Benedict Anderson’s chapter in Imagined Communities describes how the historical implementation of censuses, maps and museums, specifically in colonised states, shapes nationalism as we know it (163). He uses Southeast Asia as an example to further this argument, showing how colonising powers introduced these classification methods which inevitably created geopolitical and racial boundaries. Ultimately, he suggests that this is how Southeast Asia was established formally as a region – through the imposition of these three concepts on a previously more fluid region.

He begins by discussing the census’ role in creating and solidifying categories. Census makers were from the western colonising countries and had the power to classify groups of people according to categories as they deemed fit, such as in terms of race and religion (164). This resulted in a quantifying take on the populations living in the region as a result of the colonial state (165). Moreover, as there were different colonial powers scattered throughout the region, each one came up with identifying categories of their own in order to make sense of the people around them (165). Anderson sums this process up with the quote: “the real innovation of the census-takers of the 1870s was, therefore, not in the construction of ethnic-racial classifications, but rather in their systematic quantification” (168). Colonial powers wanted a way to easily place people into categories – through undoubtedly western, self-serving approaches - hence diminishing the agency that people living in the region had in identifying themselves.

The second element Anderson proposes in cementing the idea of nationalism in Southeast Asia was the map. Boundary setting was a new concept there, as maps were “never situated in a larger, stable geographic context” in the past (172) – populations charted directions and landmarks in a way they themselves could understand.
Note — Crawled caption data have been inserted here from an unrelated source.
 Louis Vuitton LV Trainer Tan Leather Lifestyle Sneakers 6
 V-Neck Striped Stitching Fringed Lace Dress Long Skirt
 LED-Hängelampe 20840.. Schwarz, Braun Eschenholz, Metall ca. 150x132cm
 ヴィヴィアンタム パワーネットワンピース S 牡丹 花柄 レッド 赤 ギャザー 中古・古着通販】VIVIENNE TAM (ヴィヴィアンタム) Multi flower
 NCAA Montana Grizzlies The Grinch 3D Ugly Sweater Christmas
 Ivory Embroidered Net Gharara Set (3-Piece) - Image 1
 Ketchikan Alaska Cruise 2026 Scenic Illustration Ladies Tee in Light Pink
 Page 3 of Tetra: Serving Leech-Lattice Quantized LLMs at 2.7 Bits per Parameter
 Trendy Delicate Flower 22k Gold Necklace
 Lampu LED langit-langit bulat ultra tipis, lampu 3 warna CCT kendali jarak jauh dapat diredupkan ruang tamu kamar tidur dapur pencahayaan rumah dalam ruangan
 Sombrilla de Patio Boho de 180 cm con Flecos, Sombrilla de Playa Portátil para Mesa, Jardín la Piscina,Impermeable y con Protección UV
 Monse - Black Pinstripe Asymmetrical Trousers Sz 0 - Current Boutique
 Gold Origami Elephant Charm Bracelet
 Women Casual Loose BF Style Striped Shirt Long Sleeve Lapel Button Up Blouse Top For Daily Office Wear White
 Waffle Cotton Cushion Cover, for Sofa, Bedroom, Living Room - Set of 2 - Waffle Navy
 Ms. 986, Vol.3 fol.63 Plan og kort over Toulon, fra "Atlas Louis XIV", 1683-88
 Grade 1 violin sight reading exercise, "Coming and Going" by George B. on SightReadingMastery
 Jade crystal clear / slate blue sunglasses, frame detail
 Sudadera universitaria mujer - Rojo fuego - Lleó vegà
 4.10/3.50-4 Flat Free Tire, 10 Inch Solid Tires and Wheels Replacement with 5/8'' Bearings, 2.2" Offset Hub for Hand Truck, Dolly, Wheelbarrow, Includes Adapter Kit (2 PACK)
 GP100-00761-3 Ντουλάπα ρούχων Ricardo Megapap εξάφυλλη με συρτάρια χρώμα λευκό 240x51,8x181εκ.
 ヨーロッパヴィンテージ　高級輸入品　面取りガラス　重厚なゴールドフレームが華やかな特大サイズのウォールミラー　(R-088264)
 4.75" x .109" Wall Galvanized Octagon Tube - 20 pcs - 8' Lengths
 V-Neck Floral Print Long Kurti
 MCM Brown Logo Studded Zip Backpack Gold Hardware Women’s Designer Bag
However, the quantifying methods of the west determined cartography for the region in a seemingly more “objective” representation. Even for kingdoms that were not colonised such as Thailand, the effect of the colonised states trickled down to them as a result of print-capitalism and the migration of cartography methods from the west. As Anderson puts it, maps were a “totalising classification” and also a form of “surveillance” (173) for the colonial powers.

Finally, Anderson describes the museum’s role in shaping the way people in Southeast Asia viewed themselves. Museums and the museumising imagination are “profoundly political” (178) by nature of the narratives established after curating the collection of artefacts. Anderson claims that the people themselves were not initially interested in the culture left behind by previous civilisations (179), but the colonisers were. He attributes this to an Orientalist lens through which the colonisers viewed locals, the desire to remind the locals of the power dynamic they held over them, and most importantly, the movement away from culture towards a more sanitised, categorised and secular version of the state (182). He emphasises the concept of “infinite reproducibility” in these museum artefacts (182), which I interpret as the removal of the more humanistic aspect of these culturally significant objects, such that they become merely logos for the state.

A theme that emerges across all three elements is the idea that there must be an exact, almost uncompromising manner in which people and objects belonging to a culture are classified - “a totalising classificatory grid” (184), in his terms. This method appears to depend on being quantifiable, convenient, and completely up to the colonising administration. It is a means for the colonisers to make the unknown known, in an almost reductionist way.

However, I find that this reading did not discuss the potential agency of the populations involved in establishing (or re-establishing) their identities, especially in the post-colonial period. Did locals have the ability to respond to these imposed categories, and how do these historical contexts play out today?

Questions:

  • Why did census categories become more “visibly and exclusively racial”, while diminishing in categories of religious identity? (164)
  • The colonising powers were all different despite using similar totalising classification tactics for populations in the region - how did they come to a consensus on where lines should be drawn? (Related to the map exercise we did last class which emphasised the almost arbitrary nature of drawing geopolitical boundaries)

Comments

Danielle, This is an excellent reading of the text that very succinctly captures the main points. Your point about how it fails to address agency is very thoughtful. But I wonder if Anderson is being deliberate in this? Were he still alive to reply, he would likely retort that the very agency to identify an identity is itself bound up in the classificatory projects his piece describes. While the boundaries of the categories might change in the post-colonial era, the push to count people, map boundaries, and make museums that represent national histories is just as strong, or even stronger, in the post-colonial era.